→ Exercise
Reproduce everything from the line that contains "Tuần đêm của Sergei Lukyanenko 1003417" down to the line that contains "from women Two" in the listing below, word for word and nothing more. Leave the pictures out.

→ Material for this exercise
-=-=-

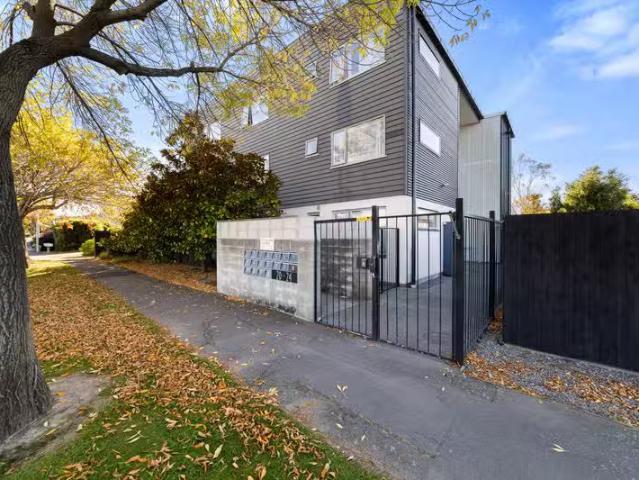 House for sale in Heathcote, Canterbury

-=-=-

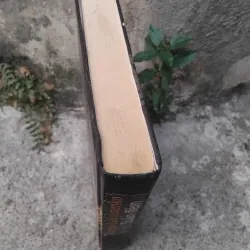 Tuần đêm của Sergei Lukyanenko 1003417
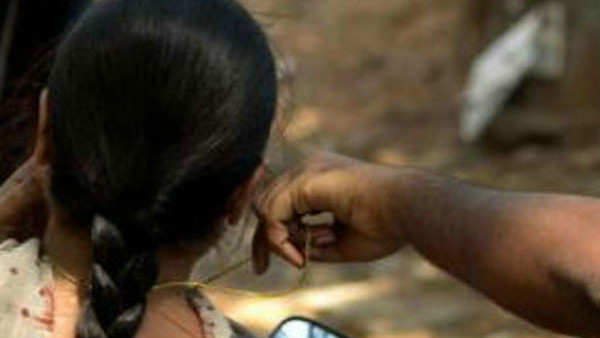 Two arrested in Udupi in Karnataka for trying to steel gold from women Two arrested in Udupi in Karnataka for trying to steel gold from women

-=-=-

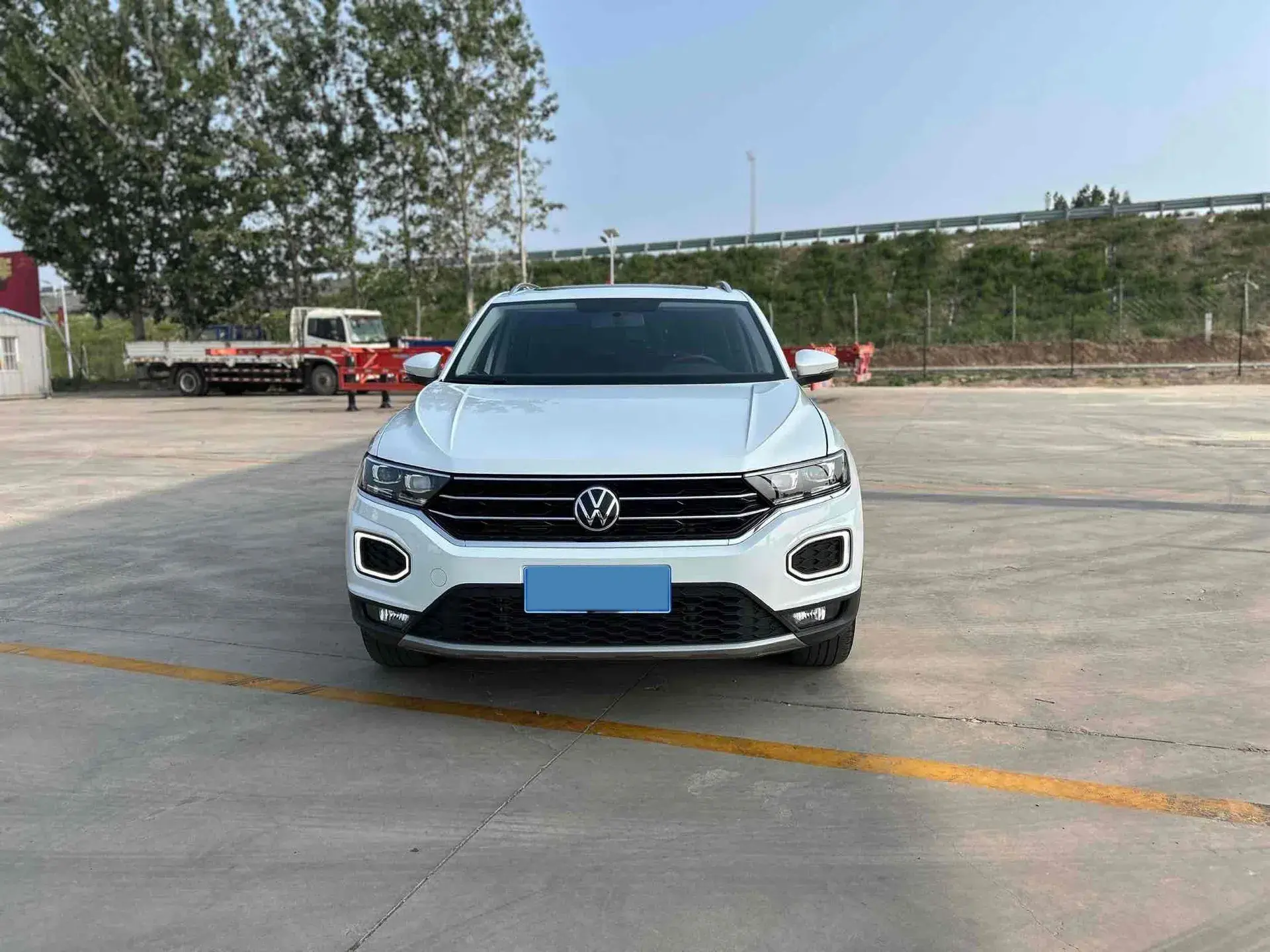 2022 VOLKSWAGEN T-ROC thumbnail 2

-=-=-

→ Response area
 Tuần đêm của Sergei Lukyanenko 1003417
 Two arrested in Udupi in Karnataka for trying to steel gold from women Two arrested in Udupi in Karnataka for trying to steel gold from women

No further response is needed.